Even if your business is not based in the EU, the EU still expect you to pay VAT on any sales inside the EU once you reach a threshold. This is controversial and it isn’t clear to me exactly what the EU can do to enforce this if you are based outside the EU. Talk to your accountant.

The VAT rate varies between countries. At the time of writing it is 20% in the UK and 19% in the Netherlands. It also varies over time, it used to be 17.5% in the UK.

The UK also has a simplified flat rate VAT scheme with a lower VAT rate. But you can’t claim back VAT on purchases. Worse still, it appears that you will effectively be paying VAT on sales outside the EU. So that doesn’t seem at all attractive.

The VAT rules are complex and depend on:

  • where you are based
  • where your customer is based
  • whether your customer is a business or a consumer
  • whether you are selling goods or services

Technically you do not have to charge VAT to an EU business, even if they aren’t registered for VAT. Apparently they are then responsible for “self-charging” the VAT. However the burden of proof is on you to show that the customer is a business. So most vendors require a VAT number as proof of business status.

There also seem to be disagreements over whether software is goods or services. What if you ship a CD?

Here is a simplified summary in pseudo-code of whether a seller needs to charge VAT on software as I understand it:

paysVAT()
{
    if ( seller registered for VAT)
        if ( customer in EU )
            if ( customer is a business )
                if ( customer in same country as you )
                    return TRUE;
                else
                    return FALSE;
            else
                return TRUE;
        else
            return FALSE;
    else
        return FALSE;
}

Except that people in Norway and Switzerland (which aren’t in the EU) pay VAT in some circumstances. Don’t ask me why. Also you don’t pay VAT on some items, e.g. postage. And outside the scope of VAT (O), not rated for VAT (N) and zero rated for VAT (Z) are all different VAT codes meaning no VAT is payable. As I said, it’s complicated. Not complicated and interesting like quantum mechanics or the love lives of celebrities. Just complicated.
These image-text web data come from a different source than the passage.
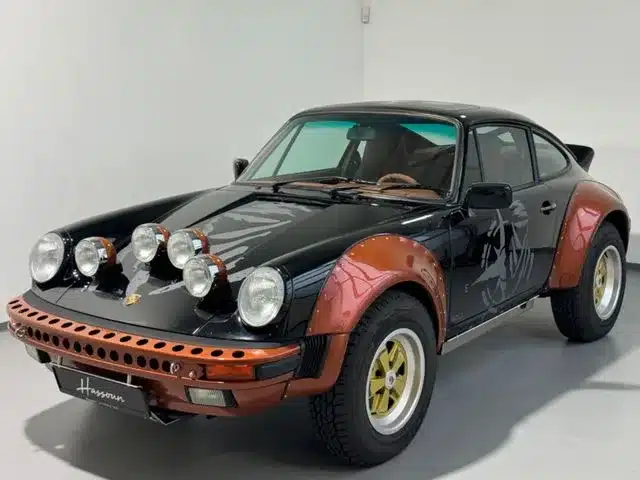 1987er Porsche 911 Carrera 3.2 G-Modell als Safari-Umbau mit Zusatzscheinwerfern, schwarzen und kupferfarbenen Karosseriedetails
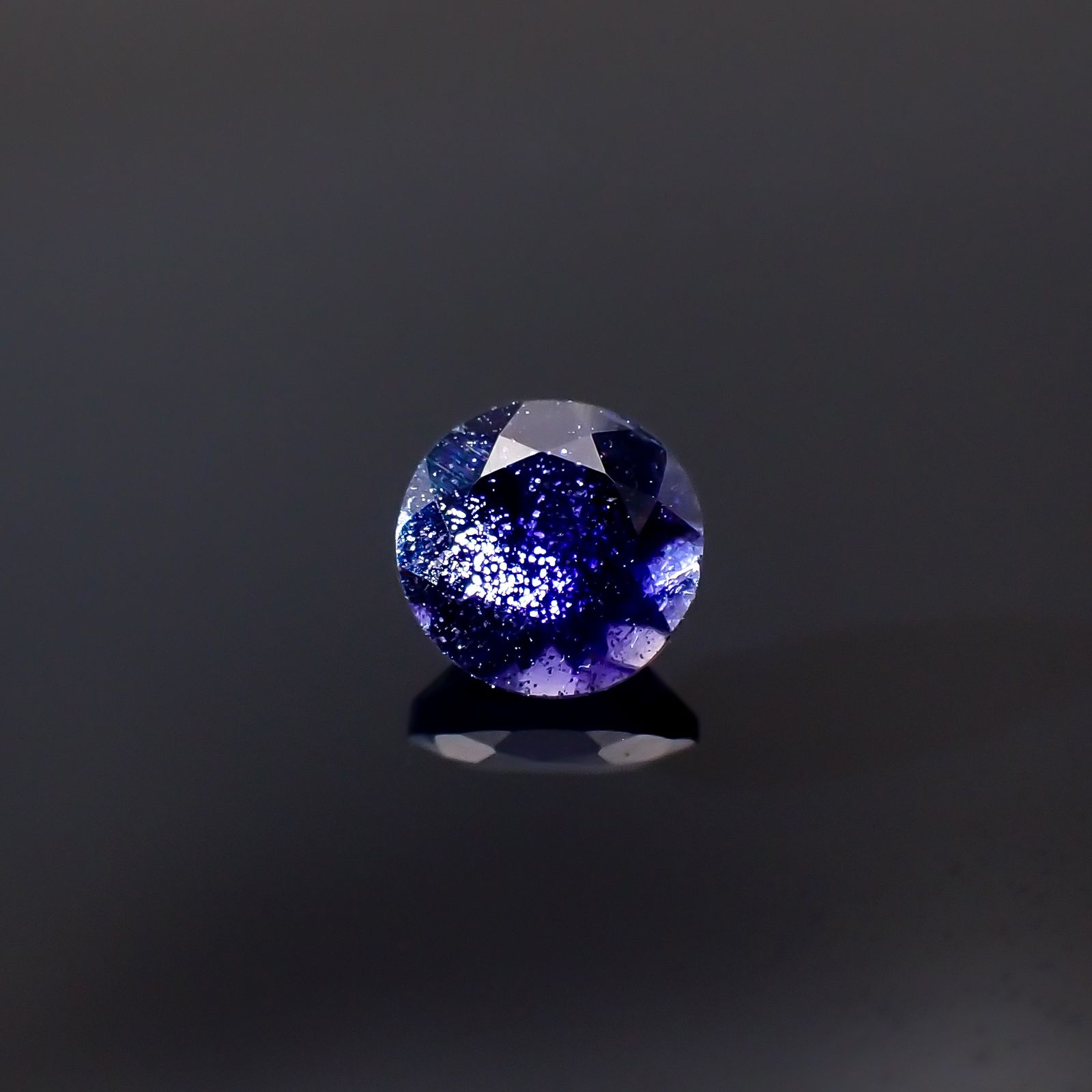 アイオライトサンストーン インド/ブラジル産 0.41ct[231224836]5x5mm前後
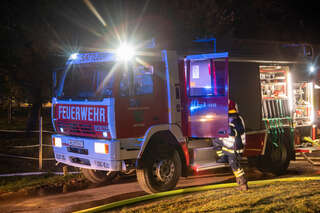 Großbrand eines landwirtschaftlichen Gebäudes in Steinerkirchen FOKE_2019103103100361_060.jpg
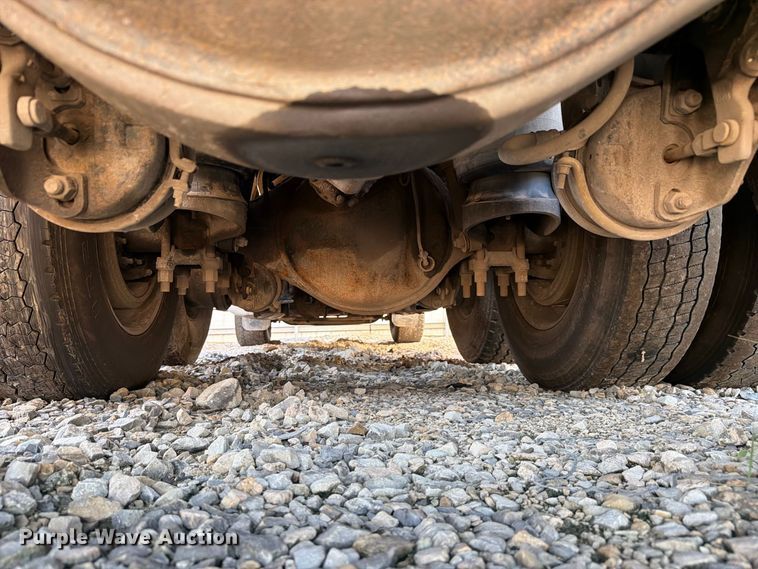 image for item YA4711 2014 Peterbilt 388 dump truck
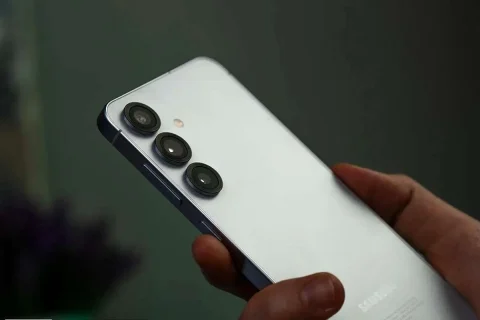 قیمت گوشی موبایل ۱۶ آذر ۱۴۰۴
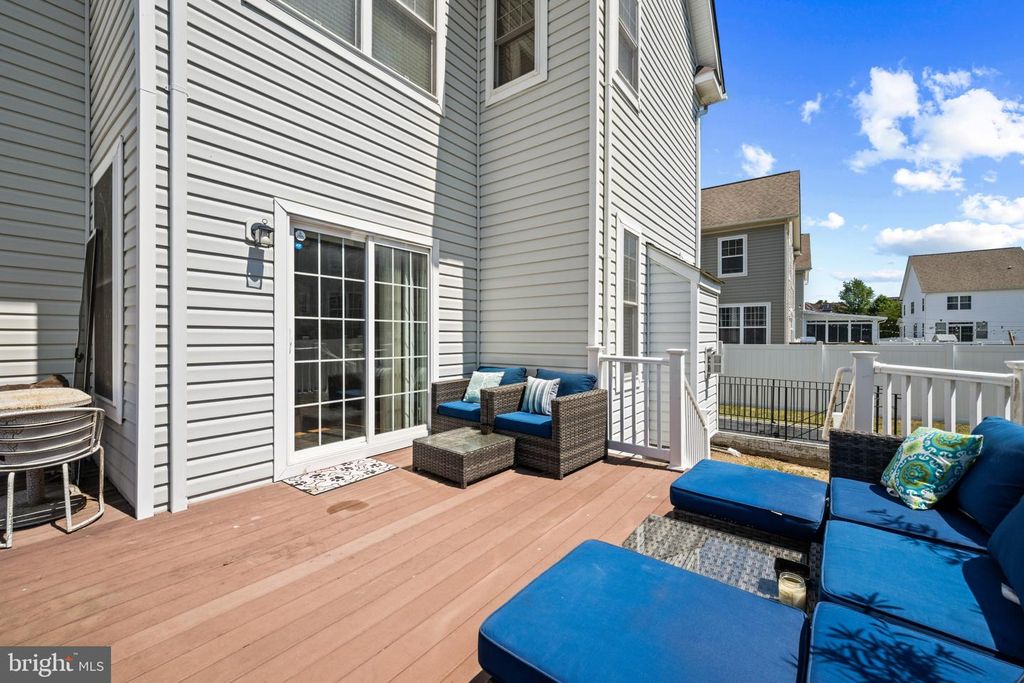 Image 37 of property listing at 11686 MUSTANG CREEK CT, Waldorf, MD 20602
The only upside of being registered for VAT is that you can claim back the VAT you pay on any purchases you have made (make sure you get a VAT receipt). Or, if you are buying from another EU country, you can tell them your VAT ID and they shouldn’t charge VAT (see above). So any equipment you buy in the EU is now 20% cheaper. This is small recompense for the giving 20% of your sales in the EU to the VAT man. Try not to think about that. Instead give yourself a pat on the back for having reached the VAT threshold. A lot of businesses never do.

Note that when you register for VAT you may be able to claim back the VAT of products purchased before you registered. When I registered I could claim back VAT paid on goods purchased within the last 3 years and services purchases within the last 6 months. So keep your VAT receipts.

Congratulations on making it this far. Here is the important bit. How you process payments has important implications for VAT. When someone pays you via a payment processor, such as PayPal, legally they are buying from you and the payment processor is just handling the payment on your behalf (like a bank cashing a cheque). So you are responsible for collecting what VAT is due and paying it to the appropriate government. This can be a major headache if you are selling hundreds or thousands of licences per month.

When you use a reseller, such as Avangate or Fastspring, legally you are selling your licence to the reseller and the reseller is then reselling it to the customer. The reseller is then responsible for deciding what VAT is due, collecting the VAT and doing the paperwork. They then pay you net of the VAT and their commission. Leaving you to sort out the VAT for their one payment to you per month.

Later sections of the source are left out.